I have my old Mercury wagon, vintage 1940.


Mike


----------



## Freqman1 (Aug 5, 2015)

locomotion said:


> if you don't like the price, you don't have to buy it




On the flipsiide if you put a stupid price on something don't expect to sell it. Oh yea and expect ridicule! V/r Shawn


----------



## bobcycles (Aug 5, 2015)

Freqman1 said:


> On the flipsiide if you put a stupid price on something don't expect to sell it. Oh yea and expect ridicule!
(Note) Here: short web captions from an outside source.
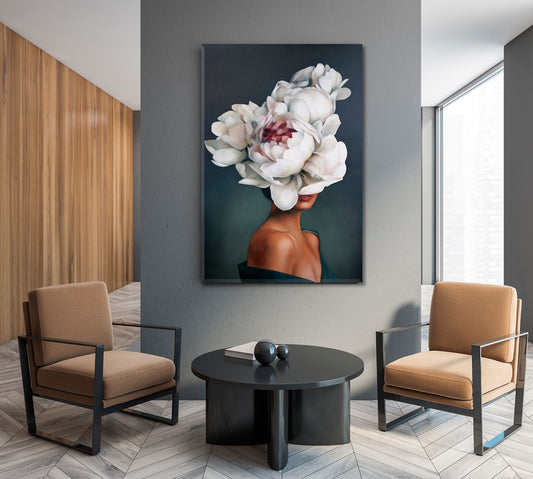 LADY FLOWERS Beautiful Woman Unity with Nature Fine Art - Vertical Fine Art Artesty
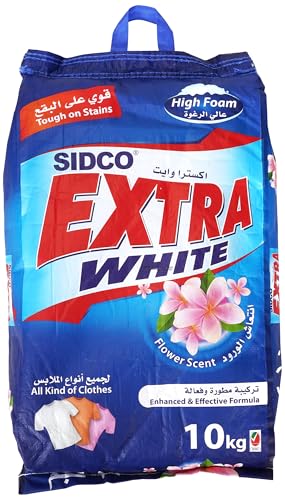 Extra White Detergent Powder - High Foam Laundry Cleaner, 10kg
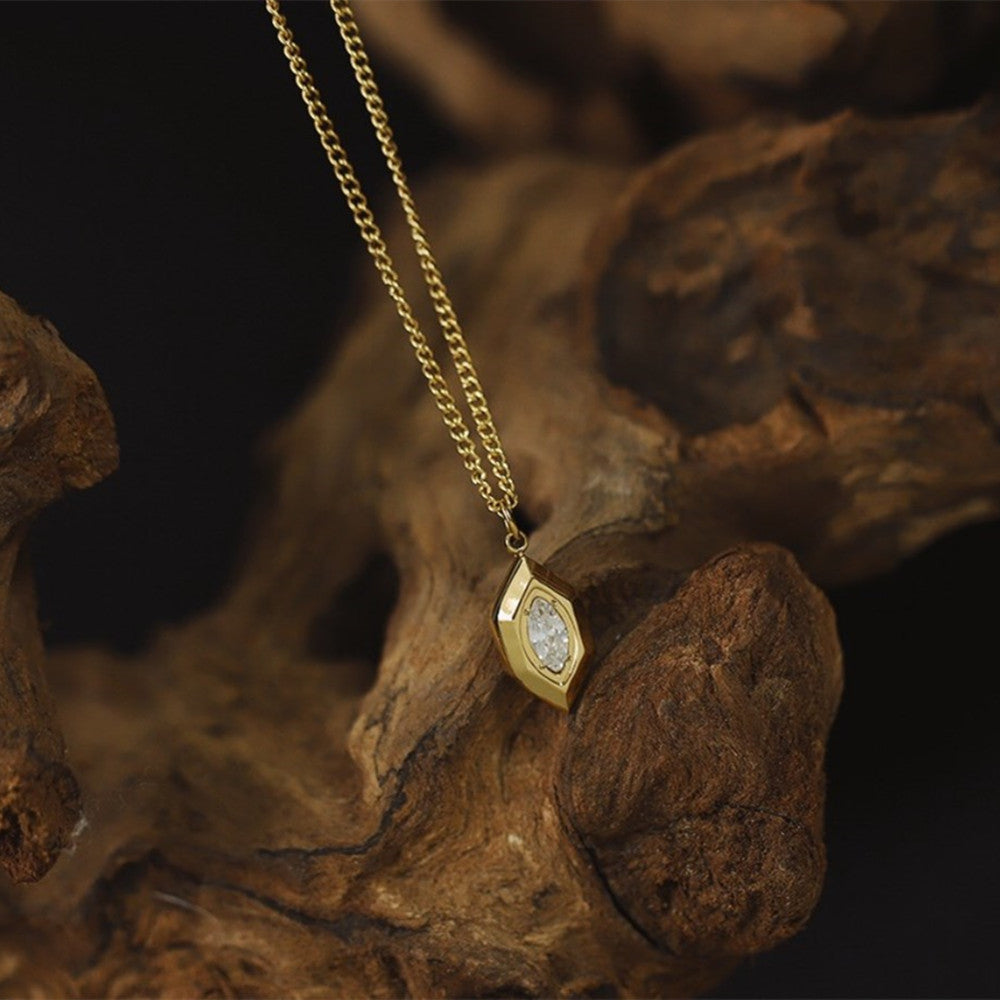Stainless Steel Marquise White Zircon Necklace in 18k Gold Plated AL856
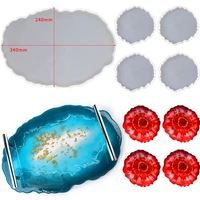 5pcs plate serving tray resine epoxy molde silicona set fruit disc coaster stampi in silicone moldes resina epoxi craft supplies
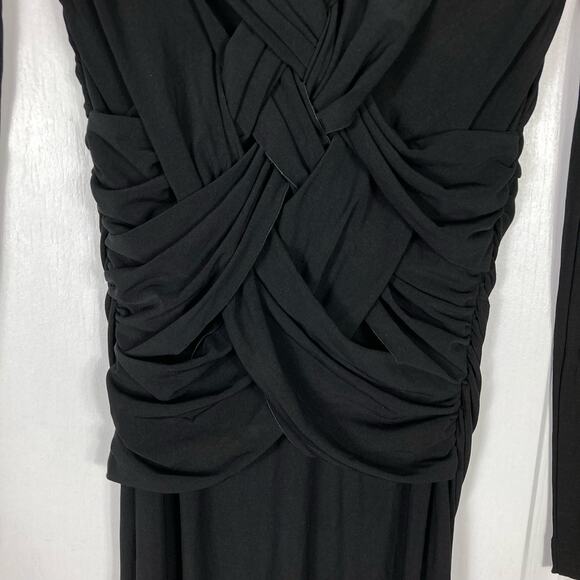 NWOT BEN DE LISI Dress US 4 Black Maxi Boat-Neck Cross Ruch Slit Side Stretch - Picture 9 of 15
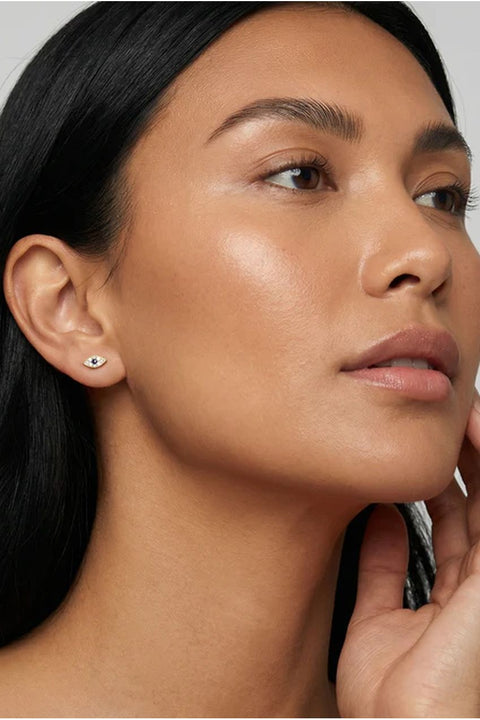 Dainty Evil Eye Earrings - Screw Back by MUCHV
V/r Shawn





*Exactly!  We're all expected to bite our tongue or 'censor' ourselves when people essentially wage a war on 
our wallets?  Antique, vintage collectibles have Values.....not always etched in stone, but especially in the bike hobby, there is a pretty good 
yard stick on stuff.  When you price something at 3 times the value, you are essentially trying to rip some one off.*


----------



## vincev (Aug 5, 2015)

It ok to criticize an ad on CL. It is tacky to criticize someones price on the "for sale and trade " section of the Cabe. Its an ad someone posted and didnt know who the seller is so it should be open to discussion.


----------



## mickeyc (Aug 5, 2015)

locomotion said:


> if you don't like the price, you don't have to buy it




I was really just asking if the price was even in the ballpark for a wagon like that.  I understand you can ask what ever you want for anything you are selling.  Also curious if it was really a Mercury?  Doesn't look like mine, which I had posted on here previously.
Locomotion....didn't realize it was your wagon....only explanation for your response.

Mike


----------